**WHAT YOU ARE ASKED TO DO**: Each line of the entries below that includes "with" belongs in your answer.

**WORKING DATA**:
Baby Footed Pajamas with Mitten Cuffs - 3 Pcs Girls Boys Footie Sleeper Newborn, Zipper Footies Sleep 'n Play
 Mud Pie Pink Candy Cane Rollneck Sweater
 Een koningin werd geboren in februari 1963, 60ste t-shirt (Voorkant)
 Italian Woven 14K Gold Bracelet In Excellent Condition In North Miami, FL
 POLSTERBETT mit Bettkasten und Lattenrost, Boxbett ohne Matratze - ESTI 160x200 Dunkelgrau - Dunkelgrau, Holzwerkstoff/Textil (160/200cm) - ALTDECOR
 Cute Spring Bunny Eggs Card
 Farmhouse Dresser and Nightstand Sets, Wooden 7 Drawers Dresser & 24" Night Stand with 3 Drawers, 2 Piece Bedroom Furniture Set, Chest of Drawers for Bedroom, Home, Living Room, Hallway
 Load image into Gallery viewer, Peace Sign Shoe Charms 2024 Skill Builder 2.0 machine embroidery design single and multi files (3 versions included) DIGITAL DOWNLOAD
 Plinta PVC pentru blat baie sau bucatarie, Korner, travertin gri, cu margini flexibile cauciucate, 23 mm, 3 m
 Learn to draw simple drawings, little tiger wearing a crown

**RESPONSE**:
Baby Footed Pajamas with Mitten Cuffs - 3 Pcs Girls Boys Footie Sleeper Newborn, Zipper Footies Sleep 'n Play
 Farmhouse Dresser and Nightstand Sets, Wooden 7 Drawers Dresser & 24" Night Stand with 3 Drawers, 2 Piece Bedroom Furniture Set, Chest of Drawers for Bedroom, Home, Living Room, Hallway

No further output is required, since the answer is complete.